Veroordeling overtreding voorschriften gesteld bij Flora- en faunawet en Visserijwet

Gerechtshof Amsterdam 20 maart 2019, ECLI:NL:GHAMS:2019:1485

De verdachte heeft zich schuldig gemaakt aan het vissen met een peur in het Noord-Hollands kanaal, terwijl hij daar geen visrecht op had. Hierdoor heeft de verdachte een inbreuk gemaakt op de broodwinning van anderen, die de rechthebbende betalen om daar te mogen vissen. Bovendien heeft de verdachte 3 levende alen bij zich gehad en vervoerd, kennelijk met als enig doel het consumeren daarvan, terwijl de aal een beschermde diersoort betreft.

Bewijsoverweging feiten 1 en 2

De verdediging heeft aangevoerd dat de verdachte dient te worden vrijgesproken van het hem onder 1 en 2 tenlastegelegde. In de nacht van 16 op 17 juni 2014 was de verdachte niet aan het vissen met een peur. De drie levende alen die bij de verdachte in de auto zijn aangetroffen, had de verdachte eerder op de dag opgehaald bij de getuige 1. Dit wordt ondersteund door de observatie van de verbalisanten dat de fysieke staat van de aal matig was. Bovendien is niet bewezen dat de verdachte te Slootdorp de alen onder zich had of vervoerde.

Het hof gaat uit van de volgende feiten en omstandigheden.

Op 17 juni 2014 omstreeks 03.45 uur is de verdachte aangehouden op de N244. De verdachte heeft op dat moment verklaard dat hij net had gevist met de peur in het Noord-Hollandskanaal en dat hij drie alen en twee baarzen had gevangen, die hij weer terug in het water had gegooid. De verbalisanten troffen vervolgens in de bestelauto van de verdachte drie alen in een net aan, verstopt in de cabine van de auto achter de bijrijderstoel in een plastic kist. In de laadruimte van de auto werden twee peuren, zes peurstokken en een nat, naar palingslijm ruikend schepnet aangetroffen.

Later die dag om omstreeks 08.55 uur, verklaard de verdachte aan twee verbalisanten dat hij aan het peuren was in het Noord-Hollandskanaal bij Spijkerboor, nadat hij eerst ergens anders had gevist.

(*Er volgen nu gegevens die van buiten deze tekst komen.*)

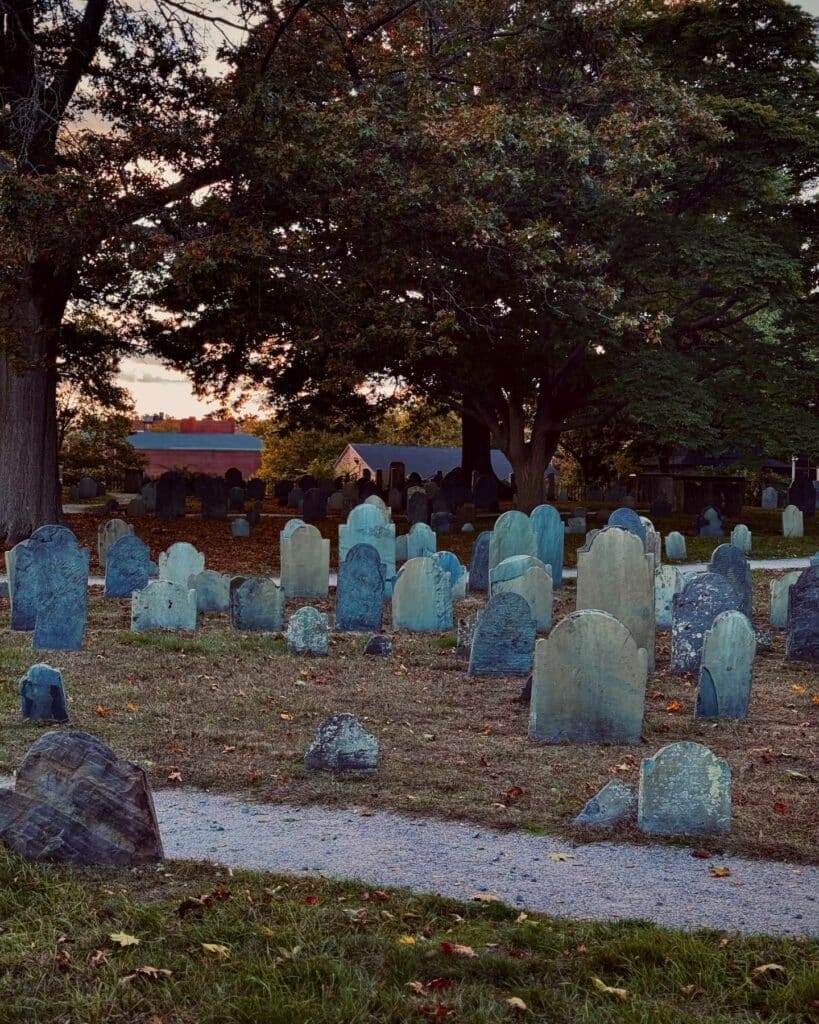 Rows of historic gravestones in the Old Burying Point Cemetery in Salem, Massachusetts, under the shade of large trees with a sunset in the background.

Hij heeft toen ook verklaard dat hij geen peurvergunning heeft van de rechthebbende op deze aal in dit gedeelte van het Noord-Hollandskanaal. Ten aanzien van de drie aangetroffen alen heeft hij op dat moment verklaard dat hij niet wilde zeggen waar hij deze gevangen had. Nadat de op schrift gestelde verklaring van de verdachte aan hem is voorgelezen, heeft hij deze ondertekend.

Gelet op de bekennende verklaring van verdachte, en de aangetroffen aal en goederen, acht het hof bewezen dat verdachte in de nacht van 16 op 17 juni 2014 te Spijkerboor met de peur heeft gevist in het Noord-Hollands kanaal, zonder dat hij daartoe gerechtigd was.

De verdachte heeft op 7 juli 2014 (in een aanvullende verklaring afgelegd bij de politie) het alternatieve scenario geschetst, dat hij de drie palingen die hij in zijn auto had niet had gevangen, maar had gekregen van getuige 1, wonende te Waarland. De verdachte heeft tijdens de behandeling in eerste aanleg en hoger beroep gepersisteerd bij dit standpunt en daar nog aan toegevoegd dat hij niet gepeurd heeft in de nacht van 16 op 17 juni 2014, maar heeft gevist zonder peur. Ter ondersteuning hiervan heeft hij onder andere meerdere schriftelijke verklaringen overgelegd en zijn de getuigen getuige 1, getuige 2 en getuige 3 door de raadsheer-commissaris gehoord.

De getuigenverklaringen bieden evenwel onvoldoende steun aan het alternatieve scenario van de verdachte. De getuigen getuige 2 en getuige 1 hebben niet eenduidig verklaard over het ophalen van de alen bij getuige 1. Zo heeft getuige 1 verklaard dat de verdachte met zijn eigen auto naar hem toe kwam, terwijl getuige 2 heeft verklaard dat ze met zijn auto zijn gegaan.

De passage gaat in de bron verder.